Оставаться на Сахалине Ольге Сергеевне не было никакого смысла, она продала свое лучшее выходное платье и сумела сесть на борт ледокола, пробивавшегося на Советскую Гавань. Оттуда попутным судном она прибыла во Владивосток. От жены «врага народа» отворачивались, как от прокаженной. И все же нашлись люди, которые, рискуя своим положением, приняли Ольгу Сергеевну на работу. Она снова стала готовить мужу передачи.
Через какое-то время объявили, что в адрес заключенных можно пересылать лишь денежные переводы. Только через многие годы она узнала, что деньги она посылала покойнику, а получал их кто-то из живых.
Так продолжалось до июня 1938 года. Ольгу Сергеевну арестовали и осудили как жену изменника Родины, определив в лагерь усиленного режима без права переписки, свиданий и передач. Там она пробыла три мучительных года. Когда ее перевели в общий лагерь, она вновь стала искать мужа, но тут грянула война, и на ее письма перестали отвечать. В 1943 году окончился срок заключения. Но вместо паспорта ей выдали справку с указанием, что видом на жительство таковая не является. С таким документом на работу принимали только в зоне. В это время умерла мама, погиб от несчастного случая сын Олежка. Его могилу Ольга Сергеевна посетила только в 1947 году.
Лишь через 20 лет после ареста мужа она получила справку о том, что Дмитрий Сергеевич Песков был расстрелян 19 марта 1938 года.

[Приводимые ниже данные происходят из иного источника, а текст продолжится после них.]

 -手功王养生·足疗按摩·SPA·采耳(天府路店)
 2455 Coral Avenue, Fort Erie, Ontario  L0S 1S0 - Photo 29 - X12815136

И до сих пор она кусает руки, представляя, как ему стреляют в затылок, как сапогом, испачканным в глине, сваливают тело в яму. Сообщили также, что его останки захоронены на городском кладбище в четырнадцати километрах от Владивостока. Там установлен памятник жертвам политических репрессий.
Ольга Сергеевна была бы обречена на безысходное одиночество, если бы не многочисленная родня Песковых. Около них она отогревает свое сердце.
Дмитрия Сергеевича 5 октября исключили из кандидатов в члены партии, по сразу не взяли, и в течение недели он внушал Ольге Сергеевне надежду на благополучный исход.
Постучали в ночь на 12 октября. Вошли по-хозяйски, предъявили ордер на обыск, пригласили перепуганных соседей в качестве понятых. Обыск производили молча, многозначительно хмурили лица, с вещами обращались небрежно, рылись в чемоданах, даже в женском белье. Составили протокол, показали понятым, где подписать, забрали рабочие тетради, фотоальбомы, записные книжки. Дмитрию Сергеевичу коротко бросили:
— Пойдете с нами.
На побледневшую Ольгу Сергеевну даже не взглянули. Дмитрий Сергеевич оделся в повседневную одежду, в которой ходил на работу, коснулся жениного плеча и сдержанно улыбнулся.
За долгие годы многое забылось, потускнело, а тот взгляд и прощальная улыбка до сих пор жгут ее. Почему она тогда не кинулась ему на шею? Он осудил бы: при них унизительно было проявлять свои чувства.
Из камеры Дмитрия Сергеевича вызвали на десятые сутки, заполнили анкету, приступили к допросу. Первым камнем, брошенным в пего, стал «неправильно» построенный консервный завод.
— Вы знали о том, что нет базы для работы крабоконсервного завода в Широкой Пади?